The US economy has probably rarely been in worse shape. The federal government debt has hit 20 trillion dollars, nearly doubling under Barack Obama. Personal debt has reached historic highs. The US trade deficit reached 736 billion dollars in 2015. That means it imported 736 billion dollars more products than it exported. products that it could have produced itself.
The Federal Reserve supported Obama politically by keeping interest rates at record low levels of 0% since 2008 preventing an even greater recession.
No sooner is Donald Trump elected than that same Federal Reserve starts increasing the interest rate with a plan to hike it to 3 to 4 % although the core economic data remain desolate. A stock market rally is not core economic data.
Yet Trump’s Treasury pick, a foreclosure king and Goldman Sachs banker, has said he supports the Federal Reserve and its plans to increase interest rates, spinning it as supporting “independence.” The Fed is actually working for Goldman Sachs and Wall Street to increase their profits and capacity to foreclose on bankrupt assets.

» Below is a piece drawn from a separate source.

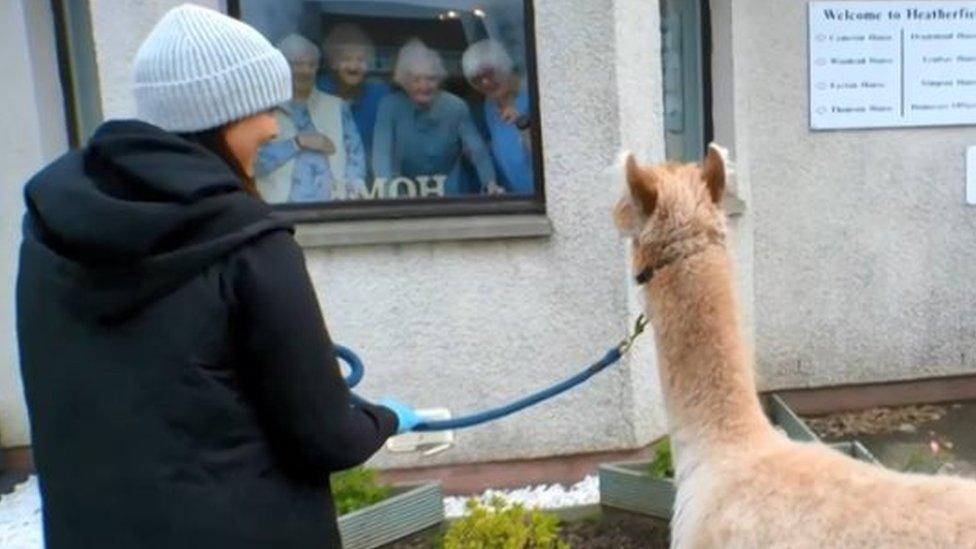 Alpacas-visiting-car-home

The private bankers like Mnuchin are the only ones who will benefit from these punishing interest rate increases in the middle of a great depression.
U.S. Treasury Secretary nominee Steven Mnuchin isn’t jumping on the Republican bandwagon to audit the Fed.
In written questions by senators following his confirmation hearing on Thursday, Mnuchin was asked about his thoughts on “politicizing decisions made by the Federal Reserve Board of Governors and the benefits of an independent central bank.”
Mnuchin’s answer was crafted carefully.
“The Federal Reserve is organized with sufficient independence to conduct monetary policy and open market operations,” Mnuchin responded to Senator Bill Nelson, a Florida Democrat. “I endorse the increased transparency we have seen from the Federal Reserve Board over recent years.”
The response appears to lean against legislation such as the Fed Oversight Reform and Modernization Act of 2015, or FORM Act, which was introduced in the House of Representatives but never became law, that would have subjected the central bank’s monetary policy decisions to greater congressional scrutiny.